Magnetics - A magnetometer is used to collect magnetic properties of the rocks under the ice sheet. Rocks in the Earth’s crust have a magnetic signature which relates to their composition, structure and when they were deposited. By collecting magnetic information on the underlying rocks we can attempt and determine what type of rock makes up the crust, how old the rock (or continental crust) is, and how this area matches together with other continental crust in other parts of the Earth. For example, volcanic rocks generally contain a much larger amount of iron than other rocks, such as sedimentary rocks, so the magnetic signal of a volcanic rock will be much higher than the magnetic signature of a limestone.

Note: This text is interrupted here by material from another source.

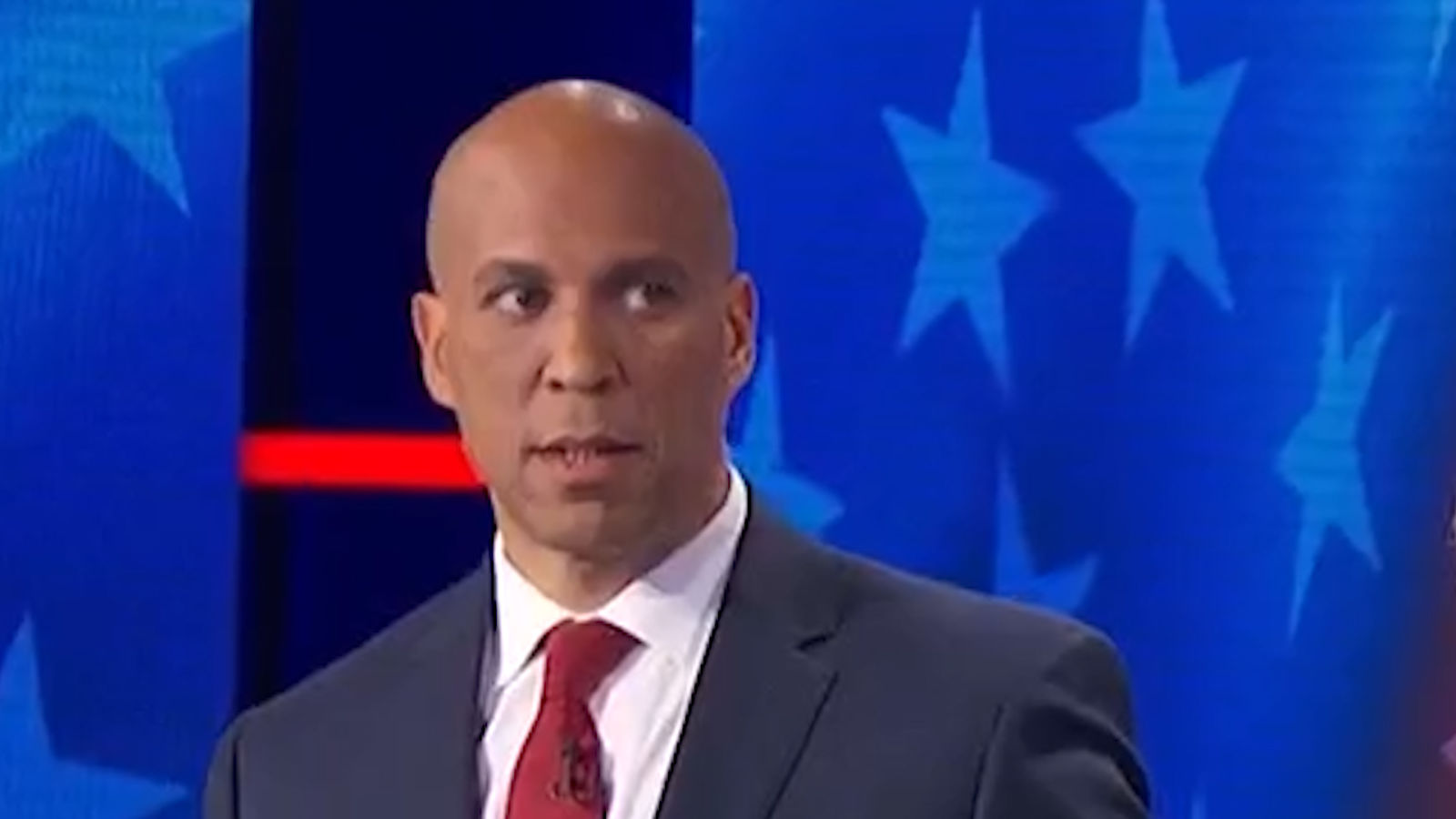 Dramatic Look Cory Booker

The magnetic data from the Gamburtsev Mountains will give us information on how they were formed. If the mountains were formed through volcanism they will have more iron and a much higher magnetic signal than if they were formed through continental collision or rifting.
Gravity - Although we usually think of gravity as being a constant (9.81 m/s2) the gravity changes all over the planet. Where there is more mass there will be a stronger gravity field. In the oceans scientists have used the concept that the gravity field is stronger over submarine volcanoes to map entire regions of the ocean where no ship has ever been. In Antarctica gravity data is used to map and interpret features hidden by the ice sheet especially features that relate to landslides, volcanoes, faults, water, and even tectonic events. New gravity meter technology used in this project will allow improved detection of sub-ice geologic features, even allowing the team to estimate how much water is in the subglacial lakes. The radar cannot see through much lake water so gravity is the only way to do this from an airplane. Gravity data collected will help us to calculate the density of the Earth’s crust, telling us what type of rocks are present, and can tell us how deep the subglacial lakes are. These pieces of information will allow us to ‘peel away’ the icy layers of this remote section of the continent, and create more accurate maps of the area.
Lasar - A lasar altimeter fixed to the aircraft will constantly scan the surface of the ice during flights collecting information on topography or surface elevation. The instrument emits infrared laser pulses and measures their echoes as they return from the Earth to determine the shape and elevation of land surfaces. This information is important in understanding potential changes in the balance of the ice sheets. The mass balance of an ice sheet is a measure of gain or loss of snow and ice similar to the balance in a checkbook. A loss in the overall mass of ice and snow has been seen as an indicator of climate change. Loss in mass in a continental ice sheet would mean the ice sheet is shrinking, thus contributing some of its mass to the global oceans...this 'contribution' would add to sea level rise.